Write a solution to find the `customer_number` for the customer who has placed the largest number of orders.

The test cases are generated so that **exactly one customer** will have placed more orders than any other customer.

The result format is in the following example.

---

### Example 1:

#### Input:
Orders table:

| order_number | customer_number |
|--------------|-----------------|
| 1            | 1               |
| 2            | 2               |
| 3            | 3               |
| 4            | 3               |

#### Output: 
| customer_number |
|-----------------|
| 3               |

#### Explanation:
The customer with number `3` has two orders, which is greater than either customer `1` or `2` because each of them only has one order. So the result is `customer_number 3`.

---

### Follow-up:
What if more than one customer has the largest number of orders? Can you find all the `customer_number` in this case?


In [None]:
# solution with 404 ms
def largest_orders(orders: pd.DataFrame) -> pd.DataFrame:
    order_counts = orders.groupby("customer_number").size().reset_index(name="order_count")
    max_orders = order_counts["order_count"].max()
    top_customer = order_counts[order_counts["order_count"] == max_orders]
    return top_customer[['customer_number']]


In [None]:
# solution with 245 ms
def largest_orders(orders: pd.DataFrame) -> pd.DataFrame:
    return orders['customer_number'].mode().to_frame()

### mode() in Pandas
The **mode()** function in Pandas returns the most frequently occurring value(s) in a Series or DataFrame. If there are multiple modes (values with the same highest frequency), it returns all of them.

Key Points:
- For Series: Returns a Series containing the mode(s).
- For DataFrame: Returns a DataFrame containing the mode(s) for each column.
- If no mode exists (e.g., all values are unique), it returns the values with equal frequency.

### to_frame() in Pandas
The **to_frame()** function is used to convert a Pandas Series into a DataFrame.

Key Points:
- The resulting DataFrame has one column, where the original Series values become the column's data.
- You can optionally specify a name for the resulting column.

In [None]:
# mode() and to_frame() are used to get the most frequent value in the column and convert it to a DataFrame, respectively.

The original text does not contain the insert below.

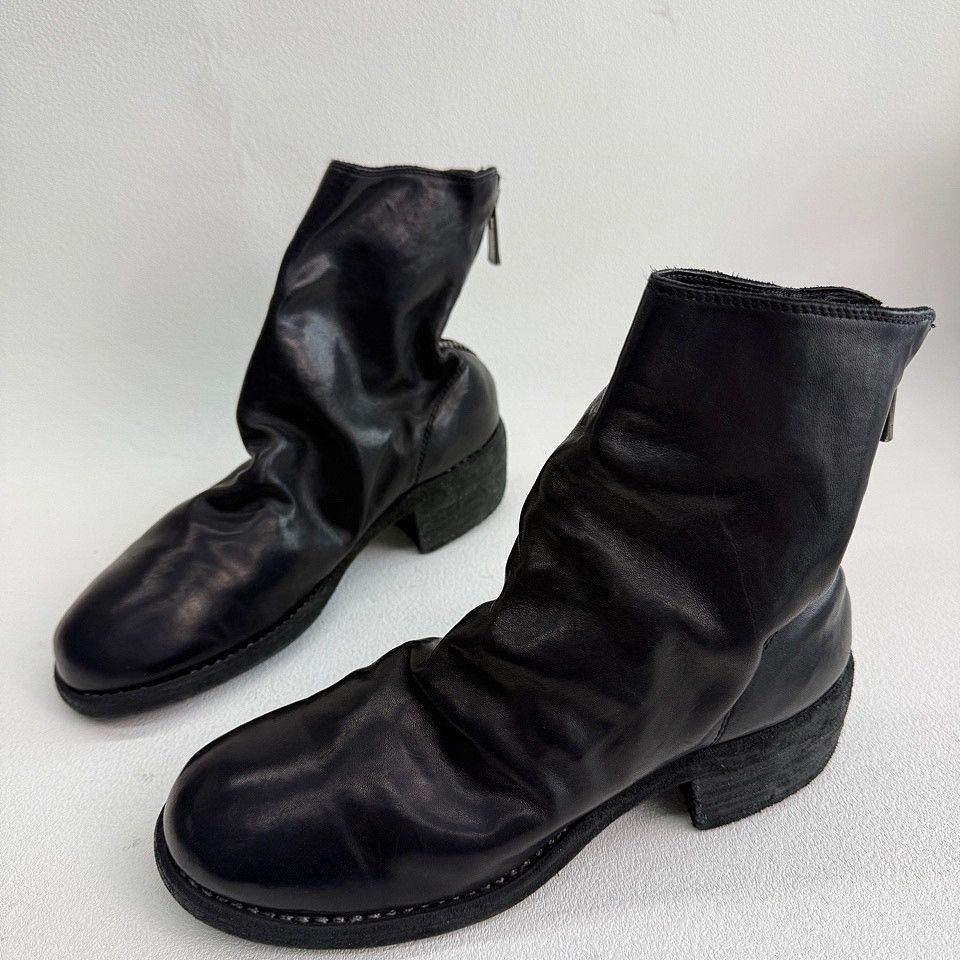Guidi GUIDI Black Back Zip Boots Size 35 Size US 5 / IT 35 - 1 Thumbnail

### 1484. Group Sold Products By The Date
**Difficulty:** Easy  
**Topics:** SQL, Pandas  

---

#### **Table Activities**

| Column Name | Type    |
|-------------|---------|
| sell_date   | date    |
| product     | varchar |

- There is no primary key (column with unique values) for this table. It may contain duplicates.
- Each row of this table contains the product name and the date it was sold in a market.

---

### **Problem Statement**

Write a solution to find for each date the number of different products sold and their names.

- The sold product names for each date should be sorted lexicographically.
- Return the result table ordered by `sell_date`.

---

### **Example**

#### **Input:**  
**Activities table:**

| sell_date  | product     |
|------------|-------------|
| 2020-05-30 | Headphone   |
| 2020-06-01 | Pencil      |
| 2020-06-02 | Mask        |
| 2020-05-30 | Basketball  |
| 2020-06-01 | Bible       |
| 2020-06-02 | Mask        |
| 2020-05-30 | T-Shirt     |

---

#### **Output:**  

| sell_date  | num_sold | products                     |
|------------|----------|------------------------------|
| 2020-05-30 | 3        | Basketball,Headphone,T-Shirt |
| 2020-06-01 | 2        | Bible,Pencil                 |
| 2020-06-02 | 1        | Mask                         |

---

#### **Explanation:**

- For `2020-05-30`: Sold items were (`Headphone`, `Basketball`, `T-Shirt`).  
  Sorting them lexicographically gives `Basketball,Headphone,T-Shirt`.  

- For `2020-06-01`: Sold items were (`Pencil`, `Bible`).  
  Sorting them lexicographically gives `Bible,Pencil`.  

- For `2020-06-02`: The sold item is `Mask`.  
  Since there is only one product, we just return it.  


In [None]:
# 360 ms solution
def categorize_products(activities: pd.DataFrame) -> pd.DataFrame:
    grouped = (activities.groupby('sell_date')['product'].apply(lambda x: sorted(set(x))).reset_index())
    grouped['num_sold'] = grouped['product'].apply(len)  
    grouped['products'] = grouped['product'].apply(lambda x: ",".join(x))
    return grouped.drop(columns=['product']).sort_values(by='sell_date')

In [None]:
# 250 ms solution
def categorize_products(activities: pd.DataFrame) -> pd.DataFrame:
    prod_list = activities.groupby(['sell_date'],as_index=False)['product'].agg(['nunique', lambda x: ','.join(sorted(set(x)))])
    prod_list.columns = ['sell_date','num_sold','products']
    return prod_list